Dataset excerpts:

+===+

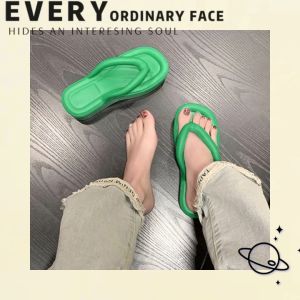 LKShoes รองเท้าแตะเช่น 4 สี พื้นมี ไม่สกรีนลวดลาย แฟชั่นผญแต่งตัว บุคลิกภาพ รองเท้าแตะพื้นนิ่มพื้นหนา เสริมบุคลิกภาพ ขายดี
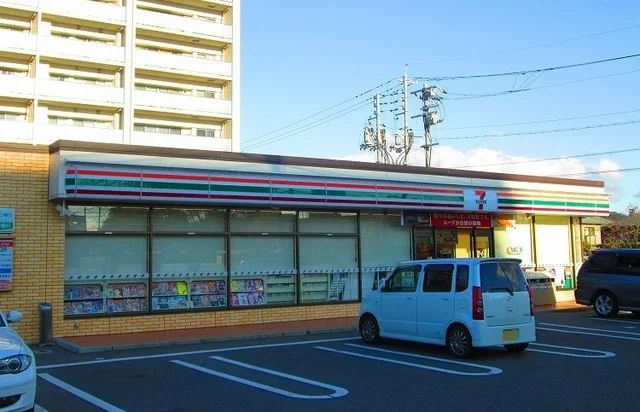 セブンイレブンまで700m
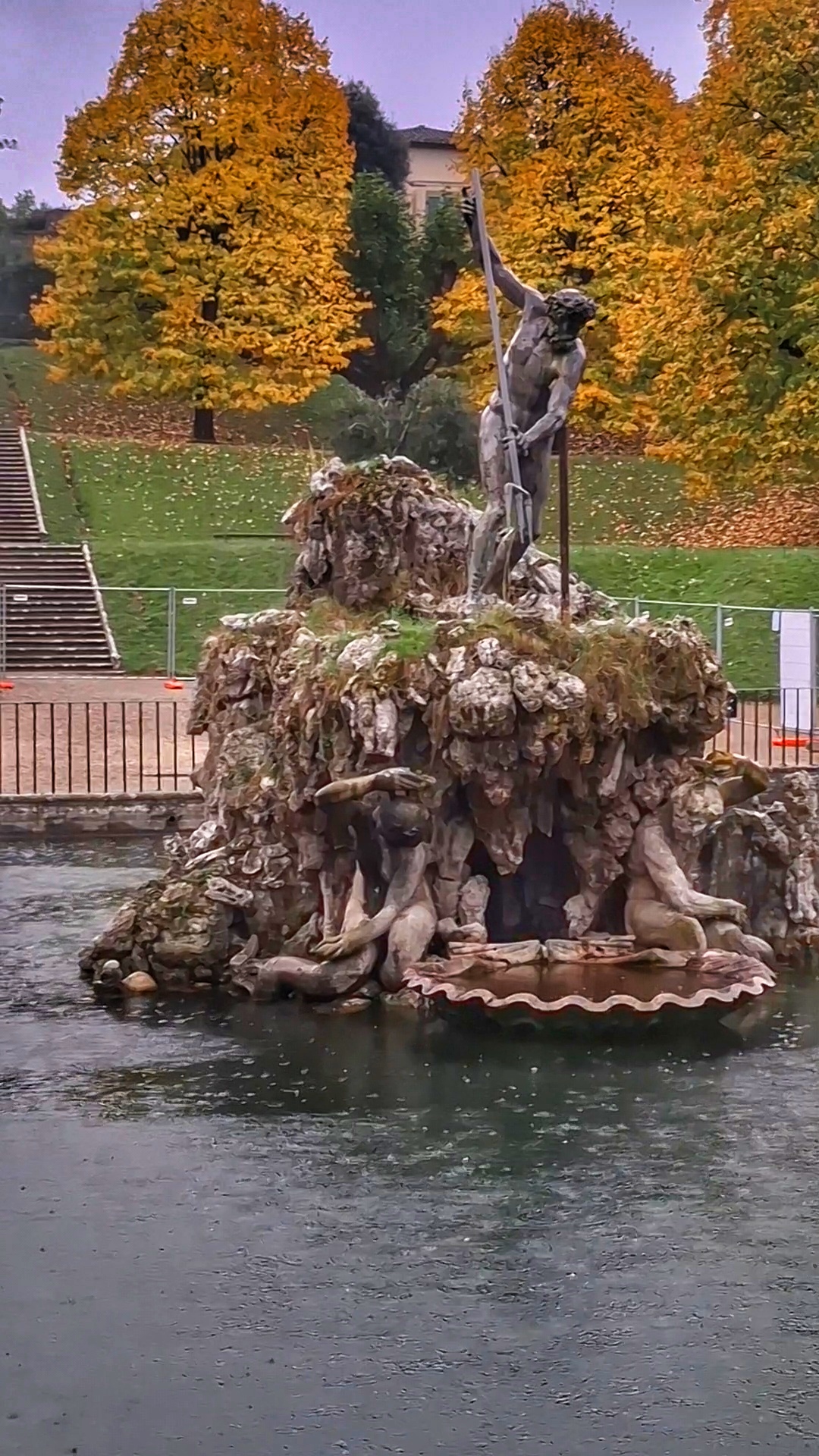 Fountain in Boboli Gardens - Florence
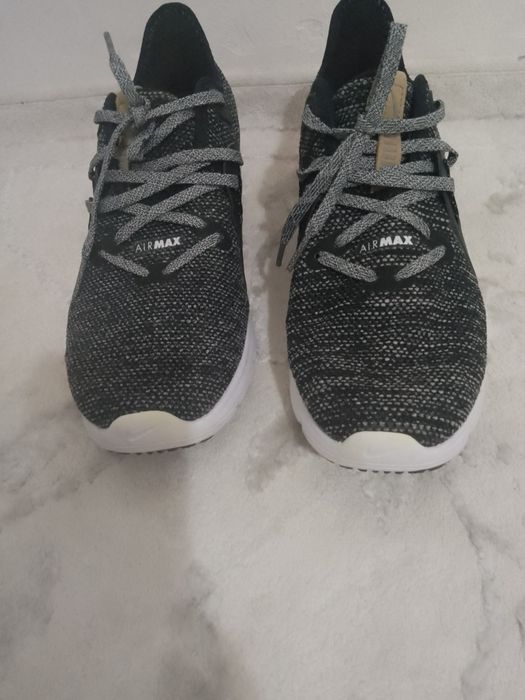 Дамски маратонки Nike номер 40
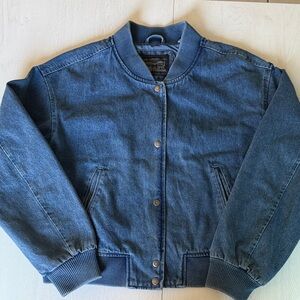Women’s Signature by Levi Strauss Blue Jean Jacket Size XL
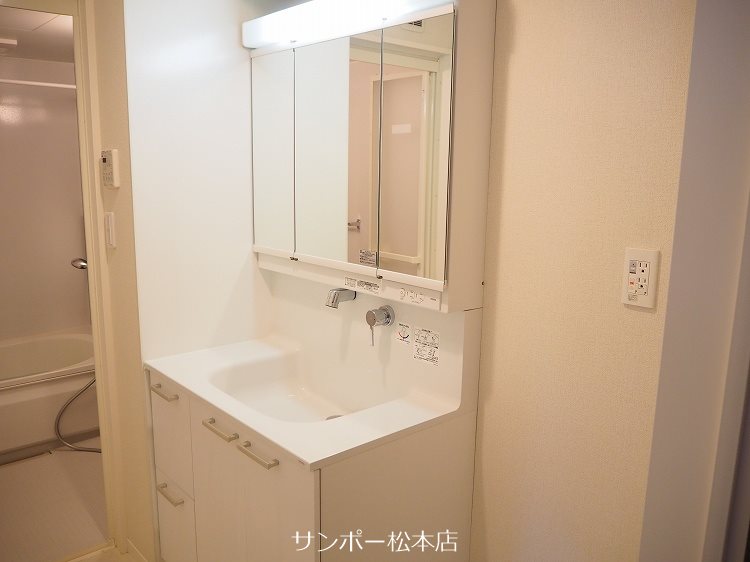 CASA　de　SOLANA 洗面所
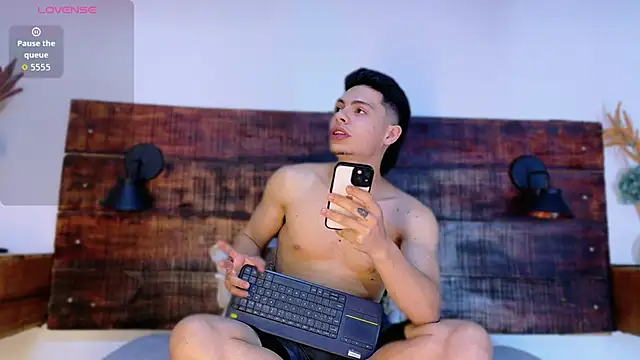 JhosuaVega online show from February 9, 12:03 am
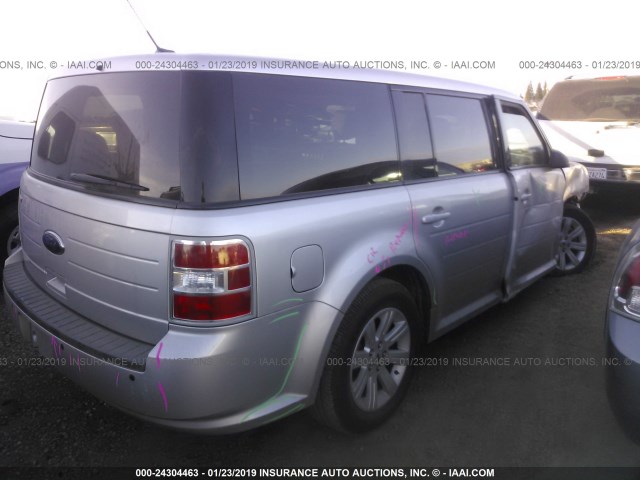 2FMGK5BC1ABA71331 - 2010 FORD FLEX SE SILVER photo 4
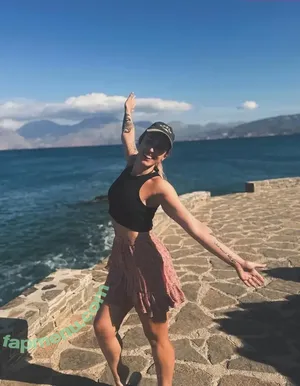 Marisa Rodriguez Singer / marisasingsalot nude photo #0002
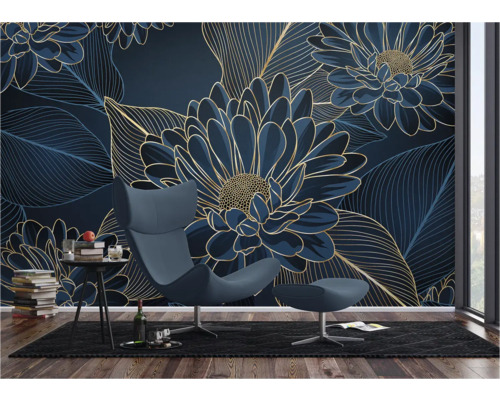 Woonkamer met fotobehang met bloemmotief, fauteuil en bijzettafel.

+===+

Go to the line that contains "2FMGK5BC1ABA71331 - 2010" and copy exactly from there through the last line of the records above, both included. Omit pictures.

■ SOLUTION TO THIS TASK ■
 2FMGK5BC1ABA71331 - 2010 FORD FLEX SE SILVER photo 4
 Marisa Rodriguez Singer / marisasingsalot nude photo #0002
 Woonkamer met fotobehang met bloemmotief, fauteuil en bijzettafel.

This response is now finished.